### Data shown:
----
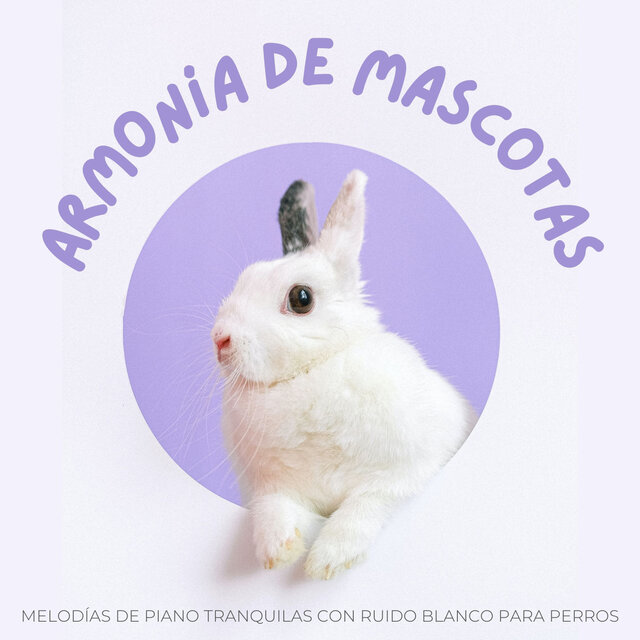 Armonía De Mascotas: Melodías De Piano Tranquilas Con Ruido Blanco Para Perros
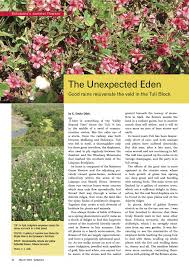 Image result for Hermbstaedtia odorata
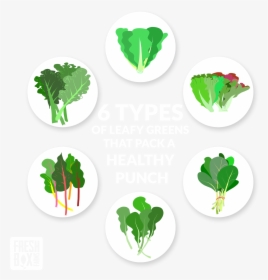 Different Types Of Leafy Vegetable, HD Png Download, Free Download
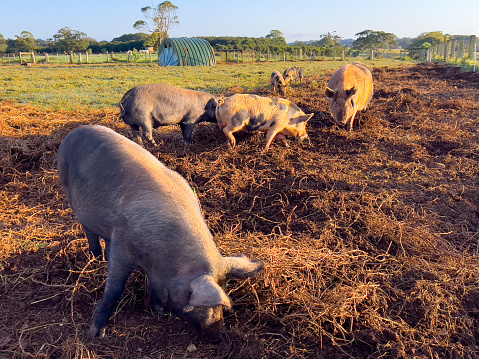 Horizontal closeup photo of domesticated pigs standing in the mud feeding in a grass paddock on an organic biodynamic farm lit up by the late afternoon sunshine. Byron Bay, NSW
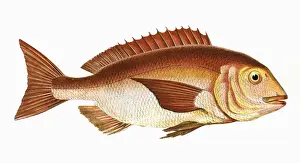 Bream Prints: Sparus aurata, or Gilt-Head Bream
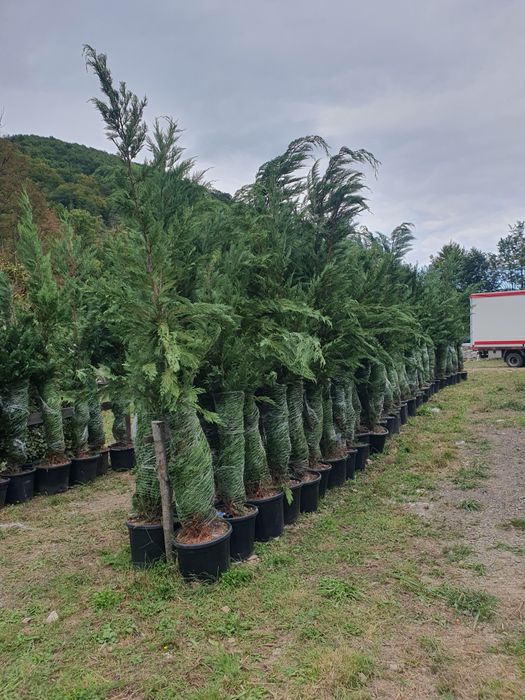 Cupressus leylandii 2.3m - 2.5m, calitate extra, leylandii gard viu! L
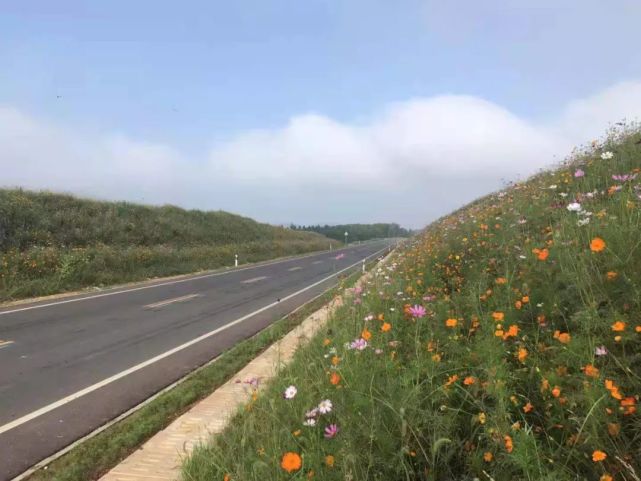 欣赏定远这条已修成的公路美极了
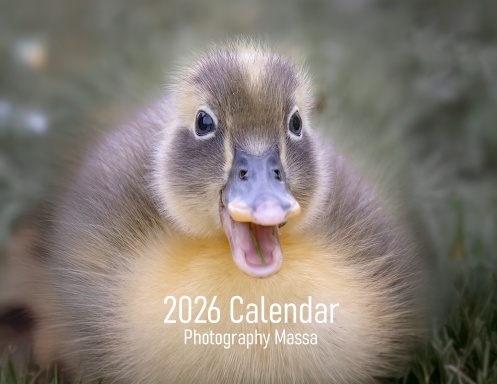 Photography Massa 2026 Calendar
----
### The task:
Only the pictures are to be left out; all other material is to be output exactly.

### Response below:
 Armonía De Mascotas: Melodías De Piano Tranquilas Con Ruido Blanco Para Perros
 Image result for Hermbstaedtia odorata
 Different Types Of Leafy Vegetable, HD Png Download, Free Download
 Horizontal closeup photo of domesticated pigs standing in the mud feeding in a grass paddock on an organic biodynamic farm lit up by the late afternoon sunshine. Byron Bay, NSW
 Bream Prints: Sparus aurata, or Gilt-Head Bream
 Cupressus leylandii 2.3m - 2.5m, calitate extra, leylandii gard viu! L
 欣赏定远这条已修成的公路美极了
 Photography Massa 2026 Calendar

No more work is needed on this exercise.